My most recent creation just in time for Halloween! The topper is a gear shift knob -- the stick is partially blackened copper tubing with rubber tip.


----------



## CAS14 (Dec 28, 2012)

Nice topper!


----------



## Rad (Feb 19, 2013)

CAS said:


> Nice topper!


Thanks! Did you do something to make the pictures show up?


----------



## CAS14 (Dec 28, 2012)

No, must be magic! Really, I did nothing.


----------



## CAS14 (Dec 28, 2012)

Successfully deleted the other.


----------



## Rad (Feb 19, 2013)

CAS said:


> Successfully deleted the other.


Thank you!


----------



## Rad (Feb 19, 2013)

Anyone else making a seasonal stick?


----------



## Rad (Feb 19, 2013)

Got to use my Halloween stick last night as I walked the grandson around the neighborhood!


----------



## CAS14 (Dec 28, 2012)

Pics?

My two were mutant ninja turtles.
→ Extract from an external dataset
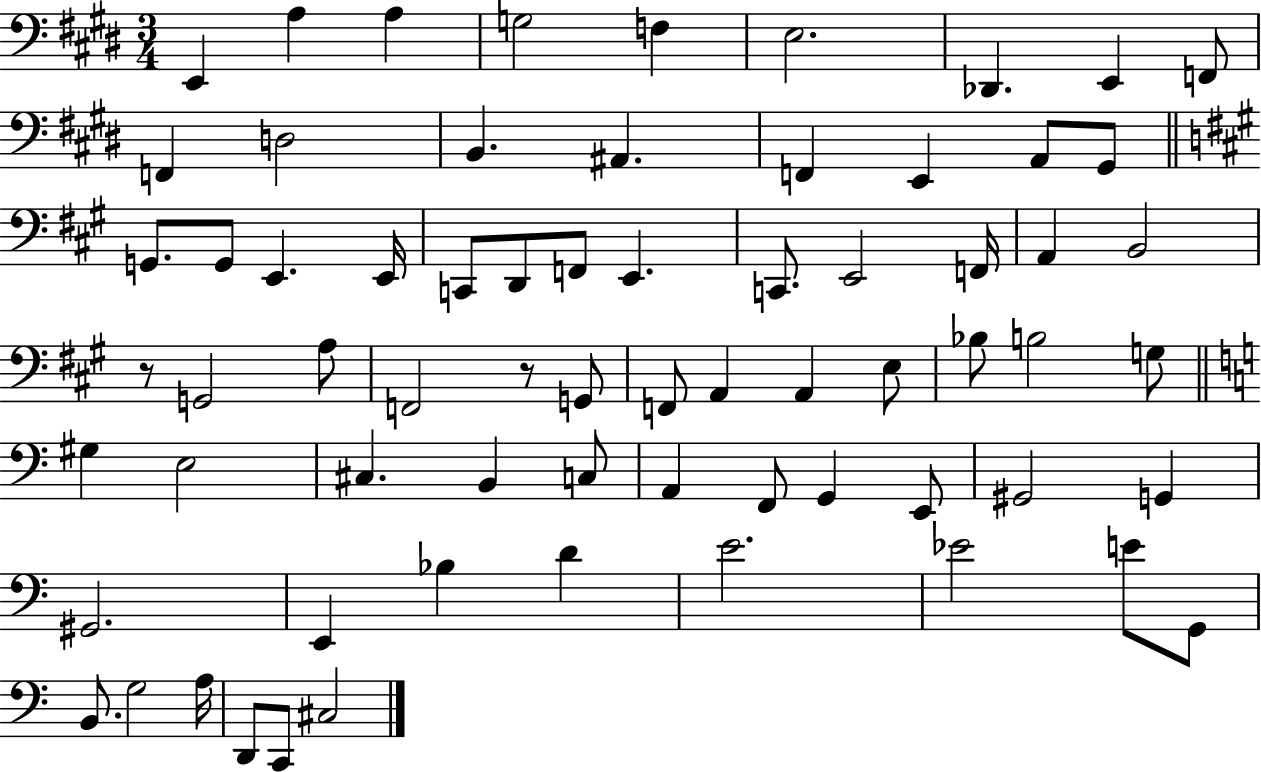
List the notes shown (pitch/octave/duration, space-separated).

E2/q A3/q A3/q G3/h F3/q E3/h. Db2/q. E2/q F2/e F2/q D3/h B2/q. A#2/q. F2/q E2/q A2/e G#2/e G2/e. G2/e E2/q. E2/s C2/e D2/e F2/e E2/q. C2/e. E2/h F2/s A2/q B2/h R/e G2/h A3/e F2/h R/e G2/e F2/e A2/q A2/q E3/e Bb3/e B3/h G3/e G#3/q E3/h C#3/q. B2/q C3/e A2/q F2/e G2/q E2/e G#2/h G2/q G#2/h. E2/q Bb3/q D4/q E4/h. Eb4/h E4/e G2/e B2/e. G3/h A3/s D2/e C2/e C#3/h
No sticks, just swords!


----------



## Fordj (Jan 8, 2014)

New thought for sticks too short to be made into canes: Topped like this, a wooden shift lever might just fit the bill for a wild ride in a pre '40 Rat Rod. Ties in to the whole wooden framed body structure.

I helped build a '31 Model A Rat, this would have been snapped up, lickity split.

Awesome Stick, Rad!


----------



## Rad (Feb 19, 2013)

Thanks Fordj!


----------



## cobalt (Nov 14, 2013)

different combination but variety is the spice of life. Good to see projects tackled in a different way

well done Rad


----------



## Rad (Feb 19, 2013)

Thank you cobalt -- interesting how this thread has been revived.


----------